Pack Program is where the geometry comes in. To run it, you need an approved massing from Explore Massing. If you haven't run massing yet, you'll do that before packing.
If you're starting with a site and building geometry already in place: The site agents and massing agents run first. Once you have an approved massing, the programming agents follow. Generate Program is still the entry point. Stack Program builds on its output. Pack Program closes the loop by fitting the program into the massing.
A full early-design workflow that uses all five Feasibility agents typically runs:
- Analyze Site, then Buildable Envelope
- Explore Massing, then Place Cores
- Generate Program, then Stack Program
- Pack Program (which depends on both massing and stacking)
The whole sequence can run in a single working session. The agents are accessed via the sparkle launcher in the bottom command bar, which opens the Canvas Agent Panel on the left side of the canvas.
From here, you're into the Concept phase, where Generate Spaces and the rest of the room-level agents take over.
Generate Program is the entry point and can run anytime.

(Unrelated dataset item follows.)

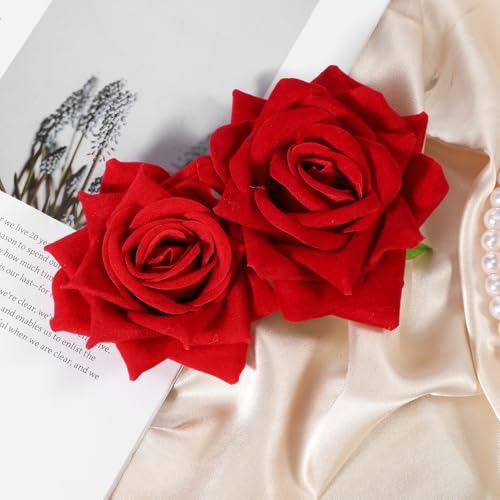 Pinza para cabello con flores rojas 3D miniatura 5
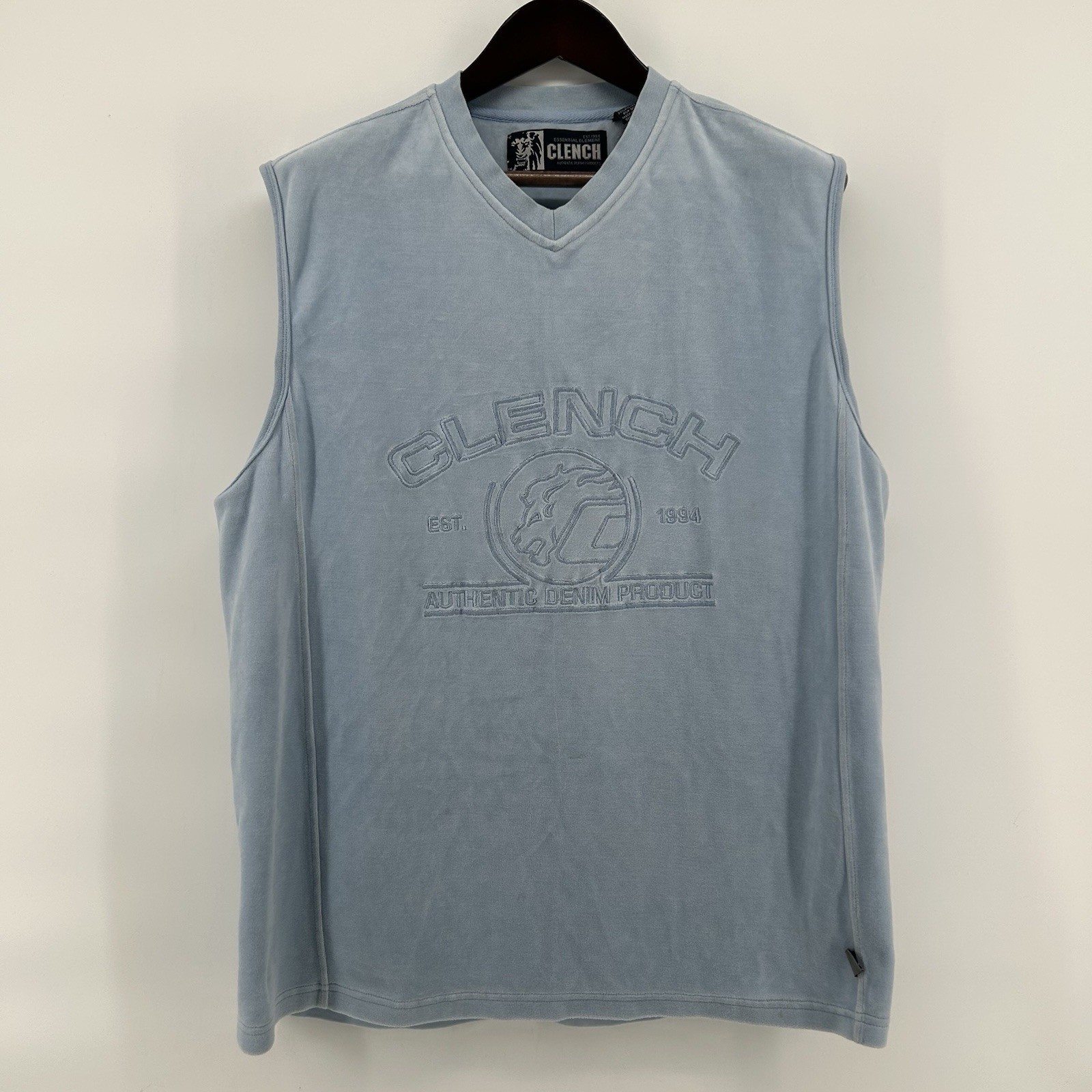 Clench Essential Element Mens L Blue Velour Tank Top Y2K Streetwear Urban Vtg gallery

Stack Program needs an approved program. Pack Program needs both an approved program (stacked) and an approved massing. Respecting the chain is what lets each agent do its job.
What are the limits of AI architectural programming?
Three things worth knowing.
Generate Program produces a first-pass program, not a final one. The brief you input shapes the quality of the output, and even on a clear brief, the agent's first pass benefits from review. Treat it as a strong starting point you'll edit, not a finished deliverable.
Stack Program follows stacking rules and adjacencies, not building character. The agent will produce a vertically resolved stack that respects the rules you've specified. It won't know that you want the gallery on the top floor for symbolic reasons, or that the principal prefers conference rooms on lower levels. Those choices stay with you. The agent's role is to surface options and trade-offs; the design intent stays with the architect.
Pack Program packs the program into the geometry it's given. If your massing is geometrically awkward, the pack will reflect that. The agent doesn't redesign your massing to make the program fit better. If the program and the massing aren't compatible, that's a feasibility signal worth catching at this stage, before you go further. The agents work in chain for a reason.
These are real constraints. Within them, the agents handle a category of work that traditionally takes a week of spreadsheets, stacking diagrams, and plan drawings, and they handle it in a way that's connected to the building geometry rather than separate from it.
These agents produce structured programs, vertical stacks, and packed floor layouts. They don't replace the design intent that goes into a brief, a stack, or a plan. Use them to surface options faster, then bring the judgment.
Programming as a workflow, not a deliverable
The case for these agents is simple. Programming has always been a workflow that lives in three disconnected tools: a spreadsheet for the brief, diagrams for the stack, plans for the pack. Every change to the brief means redoing all three, which is why teams often resist changes that would make the building better.
Generate Program, Stack Program, and Pack Program turn that into a connected chain. The brief flows into the program, the program flows into the stack, the stack flows into the geometry. When the brief changes, the chain reruns. That's the structural shift that makes the rest possible.
If you want to see how these three agents connect to the rest of the early-design workflow, the 2.5-hour RFP workflow shows the full chain in action. Or try them in Snaptrude on your next brief.
We built these agents because the slowest part of early design was almost never the design itself. It was the work of getting a brief into a program, into floors, and into geometry. We wanted that chain to stop being a bottleneck. Whether it stops being one for your team is something you'll feel by the second project.